Clinton once again threw his support behind a bill sponsored by Sens. John McCain (R-Ariz.) and Russ Feingold (D-Wis.) that would restrict political action committees, ban the large, unregulated contributions to political parties known as soft money, and create voluntary spending limits for candidates.

"It is tough, it is balanced, it is credible," Clinton said in a speech before the DNC members. "It should become the law of the land." The president also warned that "delay will mean the death of reform."

For months, Clinton and Vice President Gore have tried to distance themselves from the problems at the DNC, carefully distinguishing between its fund-raising operation and that of their re-election campaign. In a recent interview, Gore was asked to explain why he and the president made such a distinction when they appointed the committee's two top officials. After a long pause, Gore responded: "The DNC is a different entity from the campaign, and that's a fact."

White House Press Secretary Mike McCurry said Tuesday that the president's motivation to push for reform legislation grows in part out of his recognition of the Democrats' problems last year.

Clinton went further, suggesting that it is the Republicans who should bear more blame for abusing the system. "They raise more money, they raise more foreign money, they raise more money in big contributions, and we take all the heat," he said. "It's a free ride."

Jim Nicholson, the new chairman of the Republican National Committee, responded with a statement questioning Clinton's sincerity. "Clearly, before any serious discussion about campaign finance reform can take place, there must be a commitment to abiding by the current law of the land," he said. "Clinton's speech to the DNC today on campaign finance reform brought to mind the old expression: Physician, heal thyself."

The DNC fund-raising abuses are now under investigation by the Justice Department investigation and will be the subject of Senate hearings.

DNC officials had already announced its intention to tighten up internal procedures for reviewing contributions to assure that the party remained within the law. But Tuesday's actions also included voluntary restrictions on contributions that go farther than the law requires.

Outgoing Democratic National Committee chairman Don Fowler said that even though it is legal, the party will not accept money from non-citizens who are are permanent residents in this country. Late last year the party returned $253,000 donated by a Thai businesswoman who is a permanent resident because it was not clear she was the source of the money.

Federal election law currently bans political contributions from foreign corporations but allows donations from American subsidiaries. Fowler said the DNC will put in place a more restrictive limit by refusing to take funds from such subsidiaries.

Both parties accept soft-money donations from individuals, corporations, and labor unions. Some of those donations run into the hundreds of thousands of dollars. Fowler said from here on the DNC would limit those donations to $100,000 per year.

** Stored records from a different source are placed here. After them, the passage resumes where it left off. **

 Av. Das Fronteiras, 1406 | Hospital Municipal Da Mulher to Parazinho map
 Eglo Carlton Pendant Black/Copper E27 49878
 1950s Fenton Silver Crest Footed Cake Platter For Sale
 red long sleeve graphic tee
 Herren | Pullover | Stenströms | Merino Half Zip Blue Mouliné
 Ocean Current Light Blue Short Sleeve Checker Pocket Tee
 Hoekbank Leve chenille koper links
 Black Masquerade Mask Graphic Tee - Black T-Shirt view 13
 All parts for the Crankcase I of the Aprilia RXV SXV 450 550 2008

DNC officials estimated that if the new restriction had been in place last year, it would have cost the party $6.5 million. The committee at one point in the past had a similar ceiling on such contributions but at a time when donations in excess of $100,000 were far more unusual.

DNC officials also said they would institute more rigorous internal checks on contributions and implement screening procedures to prevent anyone who has made a questionable contribution or of questionable background from attending small fund-raising events with the president or vice president.

The White House was embarrassed earlier by revelations that a Chinese arms merchant and an accused drug dealer attended separate events at the White House organized by the DNC.